Each line of the listing below must be retyped exactly, with images left out.

BEGIN RAW DATA

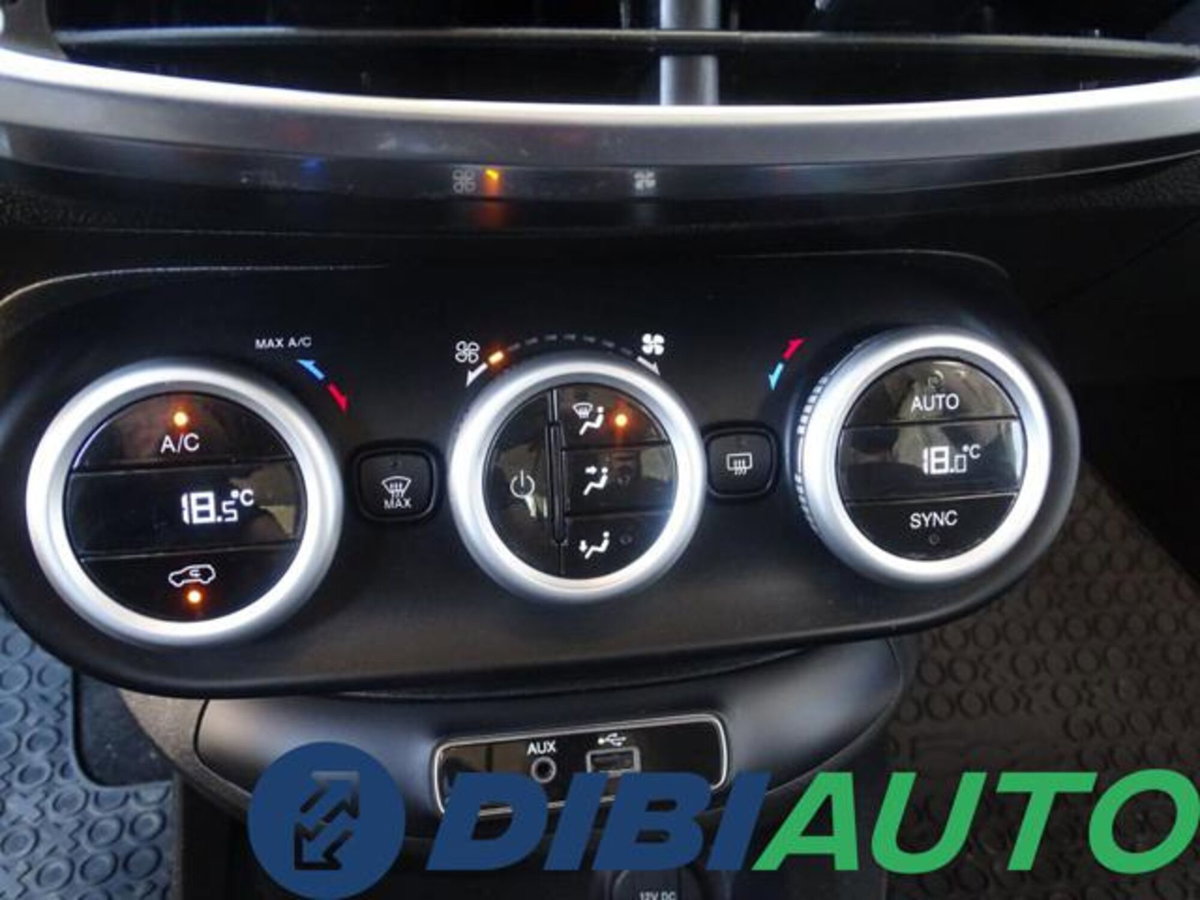Fiat 500X 1.6 MultiJet 120 CV Cross (9)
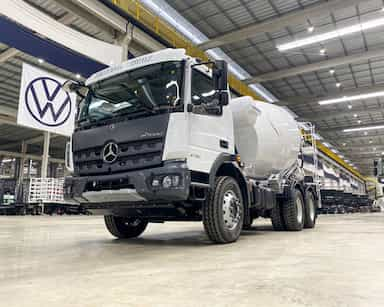 Mercedes Benz MB2730 - 23/24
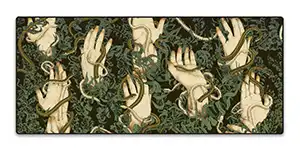 Psychosis Desk Mat
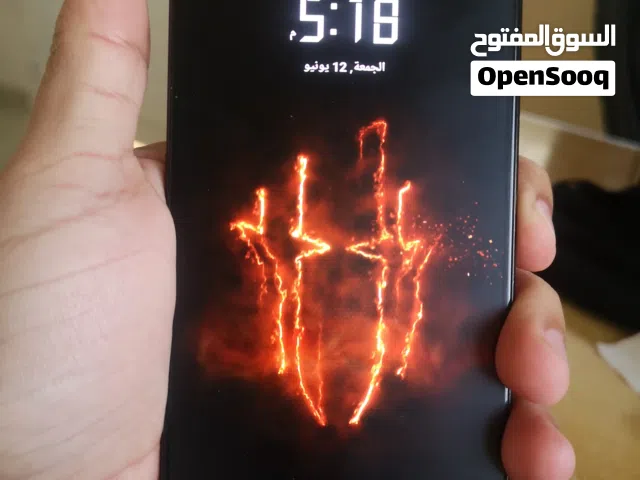 رد ماجيك 7 الذاكره 256 رام 18 نسخه خاصه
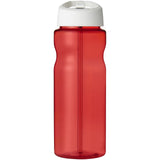 Borraccia sportiva  H2O Active® Base Tritan™ da 650 ml con coperchio con beccuccio personalizzato con logo - Pubblienne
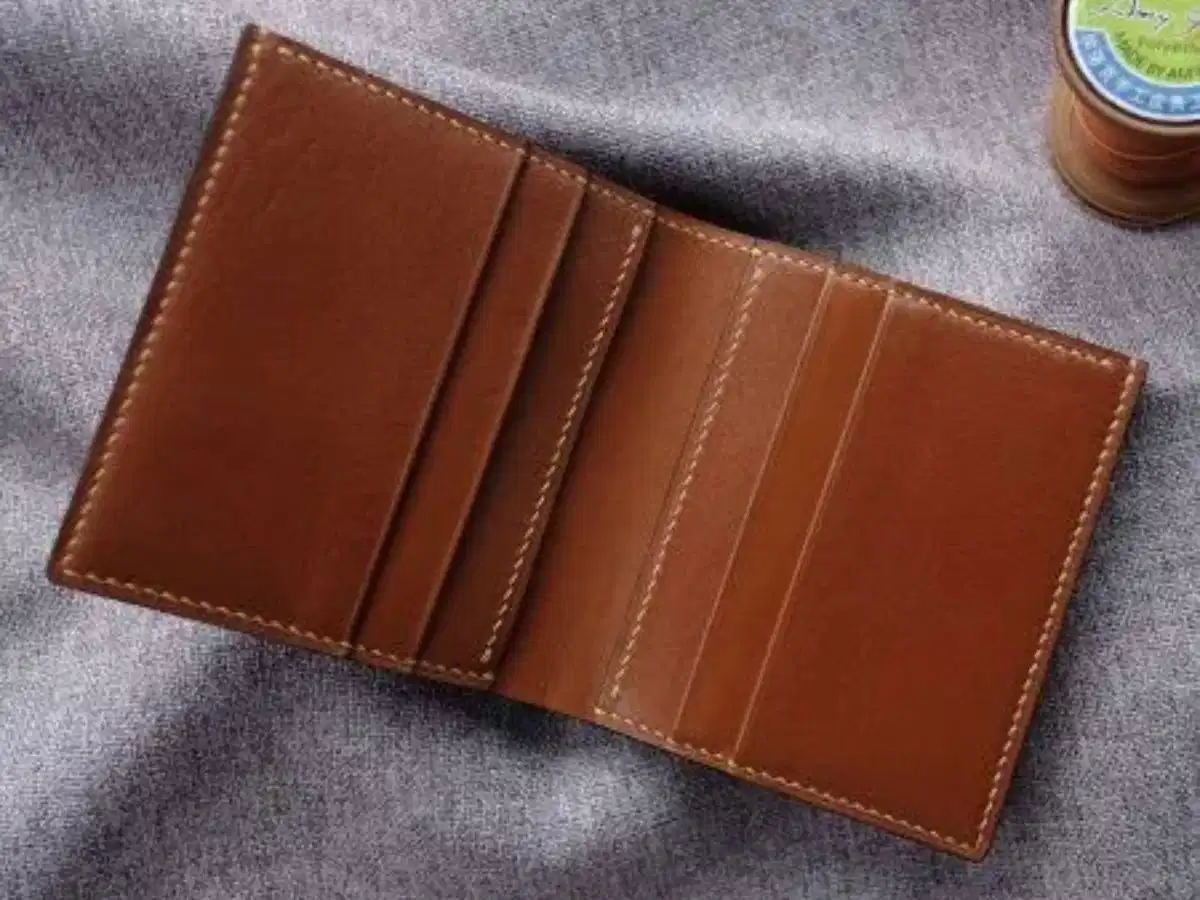 Shop đồ da handmade Harpy Leather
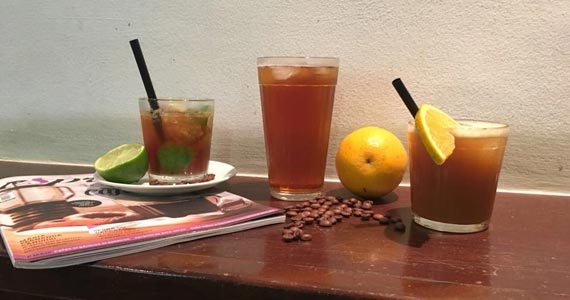 Caffè Latte - Paulista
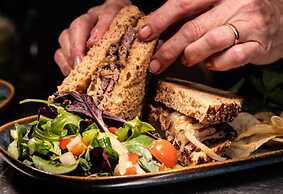 The Boars Head Hotel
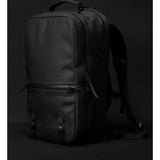 Black Ember Citadel Minimal Backpack R2 | Jet Black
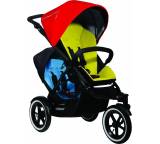 Kinderwagen im Test: Navigator von Phil & Teds, Testberichte.de-Note: ohne Endnote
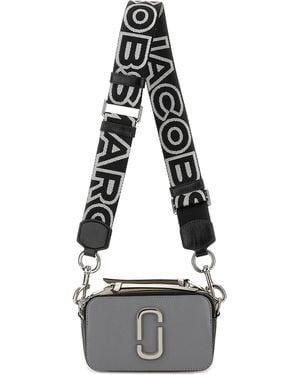 Marc Jacobs "The Snapshot" Bag - White
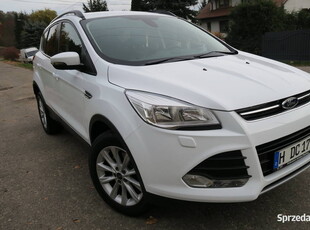 Ford Kuga 2,0 TDCI Oryginał doinwestowana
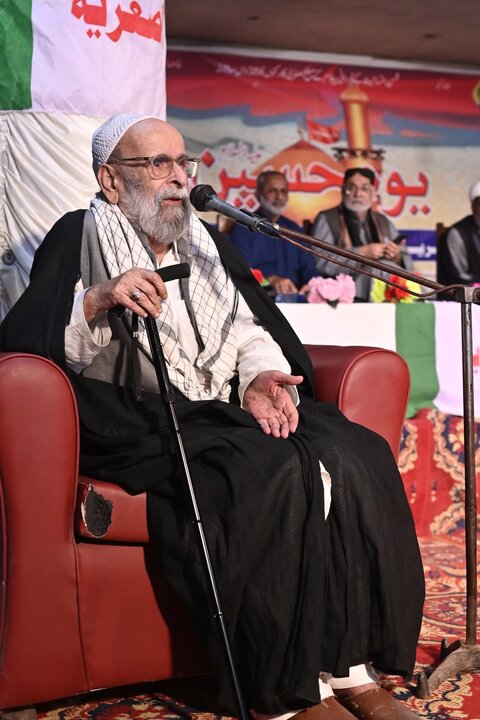 اصغریہ آرگنائزیشن پاکستان و خواتین ونگ کا 38 واں سالانہ مرکزی کنونشن اختتام پذیر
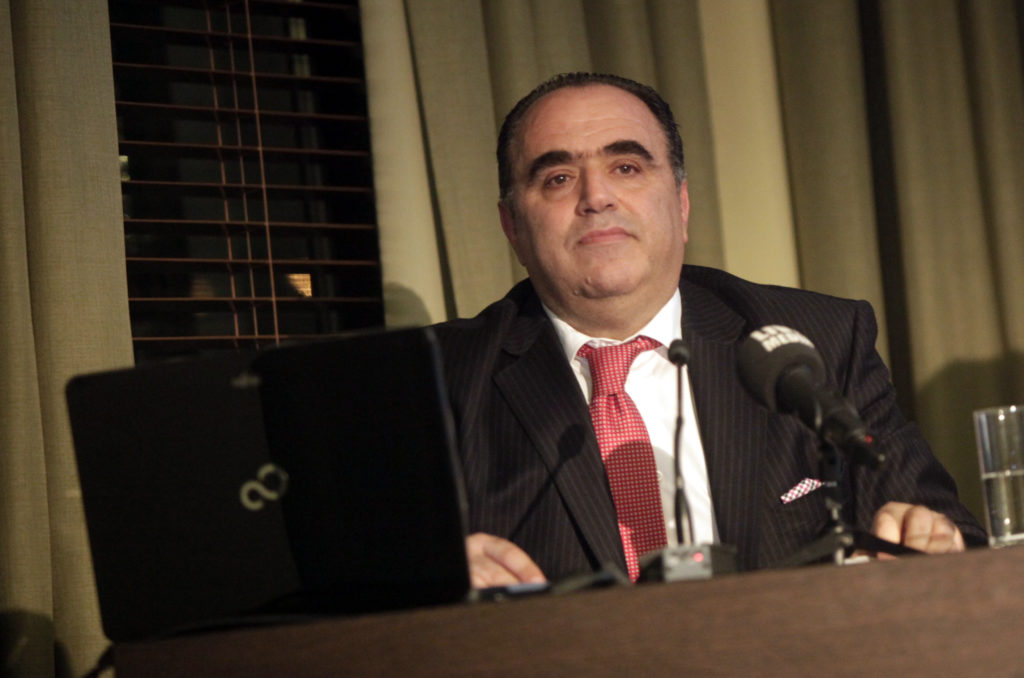 Για σχέση με την υπόθεση του δολοφονημένου Γκιόλια παραπέμπεται ο Μανώλης Σφακιανάκης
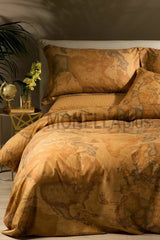 Completo Capa de Edredão Casal Geo Classic Alviero Martini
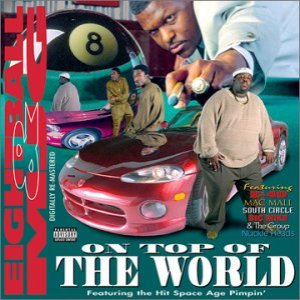 Image for 'On Top of the World'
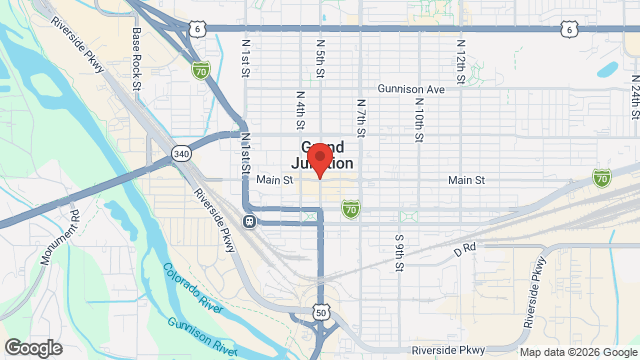 Disturbance, Main St & N 5th St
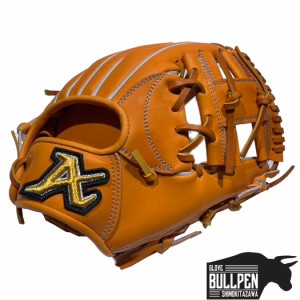 アトムズ 日本製 ドメスティックライン ATOMS ファーストミット アトムズ 日本製 ドメスティックライン ATOMS ファーストミット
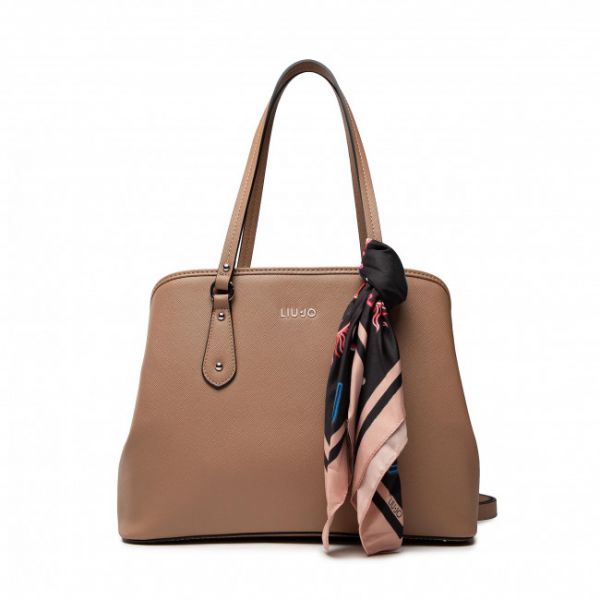 Borsetta LIU JO - Ecs M Satchel W/P AA2193 E0087 Nuez 71038 Borsetta LIU JO - Ecs M Satchel W/P AA2193 E0087 Nuez 71038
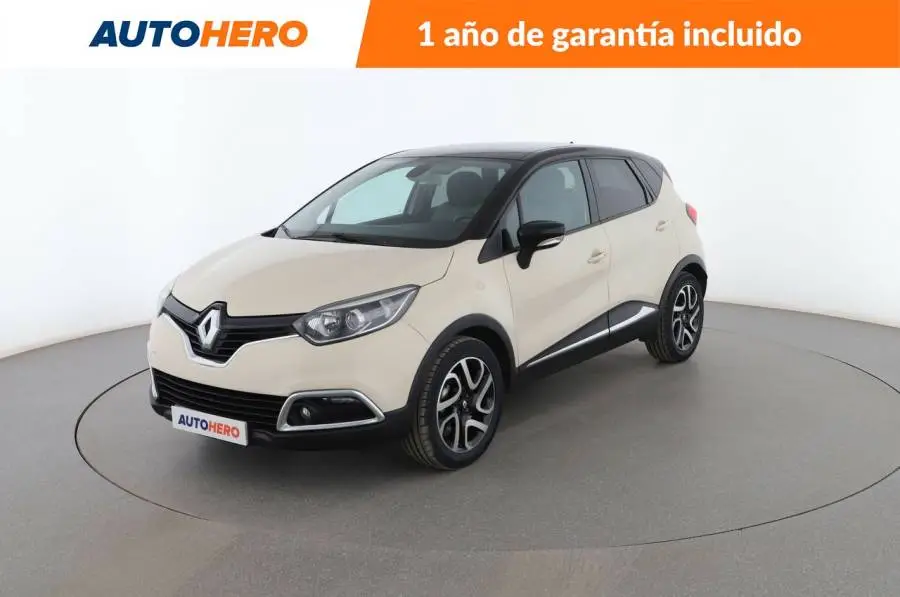 Renault Captur 1.5 dCi Energy Zen, 10.199 €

END RAW DATA

## SOLUTION TO THIS PROBLEM
Fiat 500X 1.6 MultiJet 120 CV Cross (9)
 Mercedes Benz MB2730 - 23/24
 Psychosis Desk Mat
 رد ماجيك 7 الذاكره 256 رام 18 نسخه خاصه
 Borraccia sportiva  H2O Active® Base Tritan™ da 650 ml con coperchio con beccuccio personalizzato con logo - Pubblienne
 Shop đồ da handmade Harpy Leather
 Caffè Latte - Paulista
 The Boars Head Hotel
 Black Ember Citadel Minimal Backpack R2 | Jet Black
 Kinderwagen im Test: Navigator von Phil & Teds, Testberichte.de-Note: ohne Endnote
 Marc Jacobs "The Snapshot" Bag - White
 Ford Kuga 2,0 TDCI Oryginał doinwestowana
 اصغریہ آرگنائزیشن پاکستان و خواتین ونگ کا 38 واں سالانہ مرکزی کنونشن اختتام پذیر
 Για σχέση με την υπόθεση του δολοφονημένου Γκιόλια παραπέμπεται ο Μανώλης Σφακιανάκης
 Completo Capa de Edredão Casal Geo Classic Alviero Martini
 Image for 'On Top of the World'
 Disturbance, Main St & N 5th St
 アトムズ 日本製 ドメスティックライン ATOMS ファーストミット アトムズ 日本製 ドメスティックライン ATOMS ファーストミット
 Borsetta LIU JO - Ecs M Satchel W/P AA2193 E0087 Nuez 71038 Borsetta LIU JO - Ecs M Satchel W/P AA2193 E0087 Nuez 71038
 Renault Captur 1.5 dCi Energy Zen, 10.199 €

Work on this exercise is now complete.